“You look like you’re summoning Satan,” he mutters, holding his arm out.
“Perfect. He’s officiating,” I reply with a wink.
“You’re a menace.”
I laugh softly. “You love me, big brother.”
“Unfortunately.”
“Just for that, I’m going to trip you as you walk me up the aisle.”
“You do that, and I’ll pull you down with me.”
I gasp dramatically, holding my bouquet to my chest. “You dare.”
My eyes fall to my bouquet, and my smile softens further. It’s beautiful. Sunniva did a great job putting it together. Black Baccara roses, trailing red Amaranthus, and black Dahlias are mixed with Dusty Miller and curled ivy, then wrapped in black velvet ribbon with a silver dagger brooch pinned to it, in honor of my monster man’s love of his knife.
The doors whisper open, and gasps bounce off the stone.
My combat boots thump against the stone floor, echoing louder than heels ever could. There’s no sweet music or petals tossed by cute little cherubs. Just the haunting hum of old organ pipes and the distant rumble of a storm rolling in.
Fitting.
I’ve always like it when the sky matched my mood.
Konstantin waits at the altar, watching me like I’m the most sacred thing to ever walk the earth.
God, he’s fucking sin on legs.
All black suit with no tie. He doesn’t fidget, doesn’t blink. Just watches me with the stillness of a storm before it breaks loose. That mouth of his I’ve kissed raw so many times since our first date, those hands of his that I’ve wrapped my fingers around like vows.
When I stop in front of him, his gaze drops to my boots and that almost-smile twitches at the corner of his mouth. He reaches out and lifts my veil slowly, reverently, like he’s peeling back a layer of the universe.
“Lisichka,” he murmurs so quietly that only I can hear. “You look like pure sin.”
“Bold of you to say before I vow to legally ruin your life.”
His eyes flash with something that might be amusement. Or desire. Possibly both. “You’ve already ruined me,Lisichka.”
The priest begins speaking, but honestly, I barely hear him. My blood pounds in my ears, and the bond hums like electricity under my skin. Konstantin’s emotions bleed into mine until I can barely tell us apart.
Our vows come next. Traditional first, because even monsters have to pretend at normalcy. People see politics when the look at us, but I only see a man who has become a geography my body knows better than its own map. When the priest asks who gives me away, Kingston answers with a look that threatens murder and a nod that passes me to Konstantin with love.

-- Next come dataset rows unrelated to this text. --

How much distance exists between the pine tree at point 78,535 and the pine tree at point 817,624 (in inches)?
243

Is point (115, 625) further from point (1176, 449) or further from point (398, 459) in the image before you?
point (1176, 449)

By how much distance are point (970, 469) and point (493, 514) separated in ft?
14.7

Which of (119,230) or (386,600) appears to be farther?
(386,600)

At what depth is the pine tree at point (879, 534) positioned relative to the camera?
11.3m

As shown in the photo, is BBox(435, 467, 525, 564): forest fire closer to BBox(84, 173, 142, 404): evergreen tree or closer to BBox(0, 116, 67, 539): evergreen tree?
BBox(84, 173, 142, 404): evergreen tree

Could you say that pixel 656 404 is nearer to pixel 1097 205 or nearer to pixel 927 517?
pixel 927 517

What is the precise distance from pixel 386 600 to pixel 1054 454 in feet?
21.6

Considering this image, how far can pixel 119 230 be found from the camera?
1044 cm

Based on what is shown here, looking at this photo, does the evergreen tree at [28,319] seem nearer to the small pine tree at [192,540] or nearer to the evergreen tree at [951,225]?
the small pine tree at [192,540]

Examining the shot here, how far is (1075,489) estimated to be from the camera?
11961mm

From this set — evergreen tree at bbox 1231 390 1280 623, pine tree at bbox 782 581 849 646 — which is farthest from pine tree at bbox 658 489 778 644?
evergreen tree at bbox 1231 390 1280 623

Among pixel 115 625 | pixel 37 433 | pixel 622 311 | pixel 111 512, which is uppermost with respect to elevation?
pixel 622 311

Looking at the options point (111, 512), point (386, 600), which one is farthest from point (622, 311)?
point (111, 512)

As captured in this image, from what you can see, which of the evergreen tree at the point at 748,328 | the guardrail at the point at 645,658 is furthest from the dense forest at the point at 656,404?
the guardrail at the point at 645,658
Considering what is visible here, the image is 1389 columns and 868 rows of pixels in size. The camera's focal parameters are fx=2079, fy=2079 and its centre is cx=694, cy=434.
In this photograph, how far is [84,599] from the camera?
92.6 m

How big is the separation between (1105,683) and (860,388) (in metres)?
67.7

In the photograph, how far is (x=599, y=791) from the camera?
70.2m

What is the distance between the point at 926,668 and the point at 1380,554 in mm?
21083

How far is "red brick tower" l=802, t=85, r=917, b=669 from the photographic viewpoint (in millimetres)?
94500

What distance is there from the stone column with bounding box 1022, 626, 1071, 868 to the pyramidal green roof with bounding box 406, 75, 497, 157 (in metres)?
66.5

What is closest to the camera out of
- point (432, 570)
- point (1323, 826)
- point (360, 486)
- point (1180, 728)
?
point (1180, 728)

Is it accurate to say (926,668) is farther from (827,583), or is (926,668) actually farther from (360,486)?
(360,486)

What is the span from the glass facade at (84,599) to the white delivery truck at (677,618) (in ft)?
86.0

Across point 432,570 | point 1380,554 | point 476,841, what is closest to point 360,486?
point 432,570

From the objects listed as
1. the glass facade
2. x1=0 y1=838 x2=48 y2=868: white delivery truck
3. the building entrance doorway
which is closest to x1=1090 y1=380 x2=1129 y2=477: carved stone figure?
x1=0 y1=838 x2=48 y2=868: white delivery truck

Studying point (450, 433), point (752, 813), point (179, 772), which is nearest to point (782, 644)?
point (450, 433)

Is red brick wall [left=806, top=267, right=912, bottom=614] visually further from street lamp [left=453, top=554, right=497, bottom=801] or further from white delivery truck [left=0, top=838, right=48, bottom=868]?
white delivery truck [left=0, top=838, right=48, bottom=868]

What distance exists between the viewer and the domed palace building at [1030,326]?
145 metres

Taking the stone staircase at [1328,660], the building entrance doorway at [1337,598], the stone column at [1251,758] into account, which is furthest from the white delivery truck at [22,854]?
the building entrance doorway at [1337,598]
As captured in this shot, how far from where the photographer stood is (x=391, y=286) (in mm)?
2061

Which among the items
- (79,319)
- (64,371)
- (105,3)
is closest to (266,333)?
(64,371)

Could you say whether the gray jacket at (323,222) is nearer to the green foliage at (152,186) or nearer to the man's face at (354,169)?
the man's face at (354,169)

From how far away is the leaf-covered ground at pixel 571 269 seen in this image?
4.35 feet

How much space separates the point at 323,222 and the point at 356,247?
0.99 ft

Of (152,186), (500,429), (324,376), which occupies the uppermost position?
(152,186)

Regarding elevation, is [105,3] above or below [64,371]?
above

“I, Cressida Blackwell, take you, Konstantin Kirovsky . . .”
The words tumble from my lips, heavy with meaning, as I slide the black band over his knuckle. And I do mean every one of them. Not because they’re romantic, or soft, or something we have to do, but because they’re promises, and I don’t break mine.

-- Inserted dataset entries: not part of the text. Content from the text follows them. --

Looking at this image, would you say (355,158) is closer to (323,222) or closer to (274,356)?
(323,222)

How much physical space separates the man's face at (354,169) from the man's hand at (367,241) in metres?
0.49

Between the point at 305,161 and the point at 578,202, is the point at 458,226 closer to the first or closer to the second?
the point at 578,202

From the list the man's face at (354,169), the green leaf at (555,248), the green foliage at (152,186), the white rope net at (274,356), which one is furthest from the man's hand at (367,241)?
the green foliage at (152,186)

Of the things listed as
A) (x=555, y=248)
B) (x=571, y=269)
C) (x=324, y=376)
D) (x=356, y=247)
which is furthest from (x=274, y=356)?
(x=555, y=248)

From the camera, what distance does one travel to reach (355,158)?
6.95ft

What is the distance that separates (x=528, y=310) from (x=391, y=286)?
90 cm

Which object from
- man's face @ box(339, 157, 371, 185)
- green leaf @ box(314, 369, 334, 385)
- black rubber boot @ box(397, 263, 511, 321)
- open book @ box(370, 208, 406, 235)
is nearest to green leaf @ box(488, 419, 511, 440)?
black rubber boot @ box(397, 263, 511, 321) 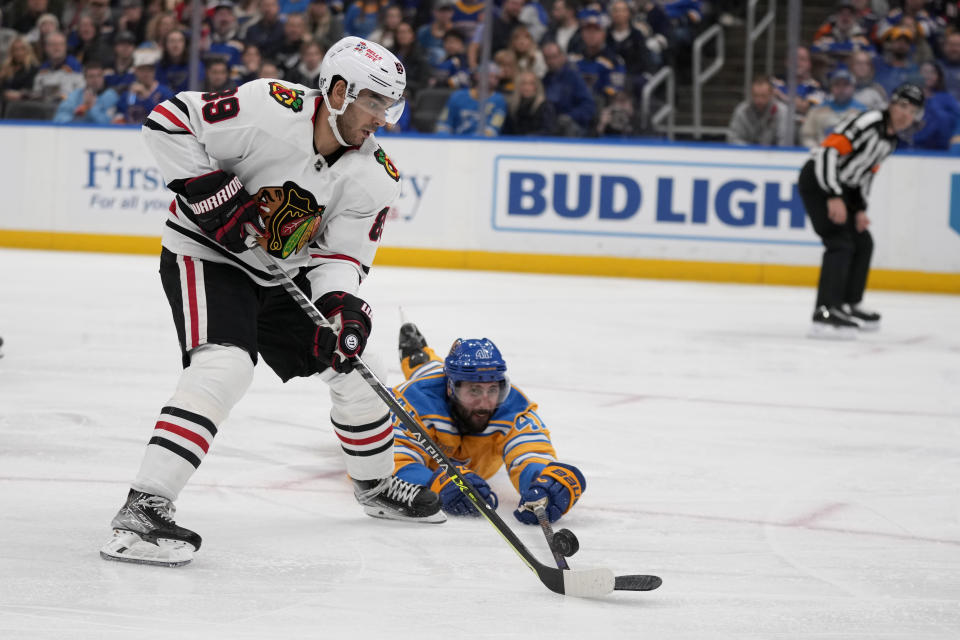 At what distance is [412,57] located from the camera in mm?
9977

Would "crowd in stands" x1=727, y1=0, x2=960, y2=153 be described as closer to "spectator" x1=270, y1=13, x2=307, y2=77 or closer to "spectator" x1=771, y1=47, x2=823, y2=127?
"spectator" x1=771, y1=47, x2=823, y2=127

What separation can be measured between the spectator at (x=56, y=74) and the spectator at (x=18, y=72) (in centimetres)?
5

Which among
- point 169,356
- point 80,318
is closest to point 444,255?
point 80,318

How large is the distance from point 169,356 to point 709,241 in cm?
514

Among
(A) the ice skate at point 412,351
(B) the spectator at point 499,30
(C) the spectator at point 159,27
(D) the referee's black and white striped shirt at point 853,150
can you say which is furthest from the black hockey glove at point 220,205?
(C) the spectator at point 159,27

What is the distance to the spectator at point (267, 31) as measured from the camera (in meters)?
10.3

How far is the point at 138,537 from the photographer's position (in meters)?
2.58

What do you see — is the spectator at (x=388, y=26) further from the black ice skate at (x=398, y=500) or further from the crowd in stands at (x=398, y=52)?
the black ice skate at (x=398, y=500)

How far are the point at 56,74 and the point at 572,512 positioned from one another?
8.62m

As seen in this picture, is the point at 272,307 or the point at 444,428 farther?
the point at 444,428

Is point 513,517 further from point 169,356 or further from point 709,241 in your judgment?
point 709,241

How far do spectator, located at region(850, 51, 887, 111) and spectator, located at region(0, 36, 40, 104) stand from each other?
6.27m

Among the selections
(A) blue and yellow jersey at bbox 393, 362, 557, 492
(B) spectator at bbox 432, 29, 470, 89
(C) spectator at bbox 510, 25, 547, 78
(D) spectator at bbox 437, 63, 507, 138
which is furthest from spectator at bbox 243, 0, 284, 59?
(A) blue and yellow jersey at bbox 393, 362, 557, 492

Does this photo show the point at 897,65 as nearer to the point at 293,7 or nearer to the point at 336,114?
the point at 293,7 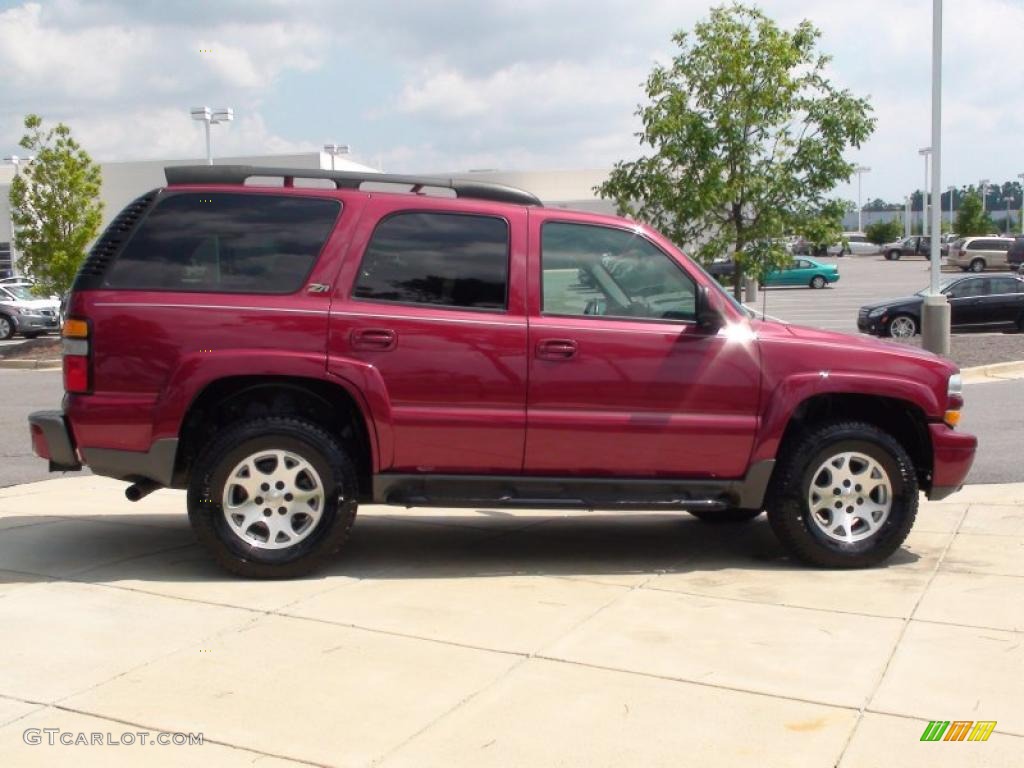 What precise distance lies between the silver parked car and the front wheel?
19297 mm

“I give you my name and the fire behind it. I won’t turn from you, even when your darkness snarls at me. I will keep your edge sharp, and I will be the hand on your throat that reminds you that you’re still human.”

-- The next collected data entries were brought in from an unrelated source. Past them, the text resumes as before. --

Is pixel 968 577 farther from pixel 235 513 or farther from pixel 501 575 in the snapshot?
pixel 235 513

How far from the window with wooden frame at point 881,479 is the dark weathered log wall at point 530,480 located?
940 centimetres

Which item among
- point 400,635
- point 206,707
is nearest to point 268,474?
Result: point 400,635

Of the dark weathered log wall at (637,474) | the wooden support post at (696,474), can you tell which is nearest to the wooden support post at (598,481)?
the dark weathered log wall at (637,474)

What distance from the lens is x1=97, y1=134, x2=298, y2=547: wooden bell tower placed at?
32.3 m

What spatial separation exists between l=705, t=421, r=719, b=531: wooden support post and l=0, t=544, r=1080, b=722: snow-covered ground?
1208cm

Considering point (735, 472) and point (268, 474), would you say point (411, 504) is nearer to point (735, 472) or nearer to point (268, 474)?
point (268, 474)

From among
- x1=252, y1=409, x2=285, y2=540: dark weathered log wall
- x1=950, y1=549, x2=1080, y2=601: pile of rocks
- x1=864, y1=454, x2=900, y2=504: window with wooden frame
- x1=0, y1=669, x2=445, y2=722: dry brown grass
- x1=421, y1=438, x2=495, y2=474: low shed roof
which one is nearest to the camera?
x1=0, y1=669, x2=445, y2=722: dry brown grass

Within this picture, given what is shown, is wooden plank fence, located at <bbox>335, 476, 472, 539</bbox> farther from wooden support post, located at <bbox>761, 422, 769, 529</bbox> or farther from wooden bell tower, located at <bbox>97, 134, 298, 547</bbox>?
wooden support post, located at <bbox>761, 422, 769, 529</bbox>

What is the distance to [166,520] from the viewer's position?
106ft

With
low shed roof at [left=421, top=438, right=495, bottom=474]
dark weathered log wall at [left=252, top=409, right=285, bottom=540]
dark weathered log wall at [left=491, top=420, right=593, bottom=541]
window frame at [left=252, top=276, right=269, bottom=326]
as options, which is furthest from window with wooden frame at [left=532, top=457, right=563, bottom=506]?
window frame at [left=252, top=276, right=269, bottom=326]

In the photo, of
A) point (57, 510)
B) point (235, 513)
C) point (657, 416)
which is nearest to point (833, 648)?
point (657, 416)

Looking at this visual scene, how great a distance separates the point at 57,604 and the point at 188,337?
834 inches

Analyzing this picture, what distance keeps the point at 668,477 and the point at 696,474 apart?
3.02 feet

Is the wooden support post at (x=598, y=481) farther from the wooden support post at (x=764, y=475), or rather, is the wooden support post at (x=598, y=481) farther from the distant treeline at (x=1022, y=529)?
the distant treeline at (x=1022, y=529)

Konstantin guides a black ring onto my finger as he speaks his vows in a voice made of gravel and silk. There’s a rasp to it, like each word is being dragged from somewhere deep.
“I give you my breath and the blade in it. I won’t lie to you, even when the truth will burn us down. I will stand in the doorway when the dark comes, and I will not move. I vow to protect you, even when you don’t want me to. To stand beside you, even as the world burns around us. To choose you over war, over blood, over legacy.”
But the real magic comes next as we lift the blades to our palms and glide it along our skin until blood pools.
The air shifts and the energy in the room tightens, like the cathedral itself is holding its breath.
We face each other fully now, hands clasped, lifelines overlaid and blood mixing together. There’s no script for this, no ancient priest mumbling Latin. Just us. The bloodlines, the chosen ones. Two souls the fates declared mates. It’s power. It’s achoice.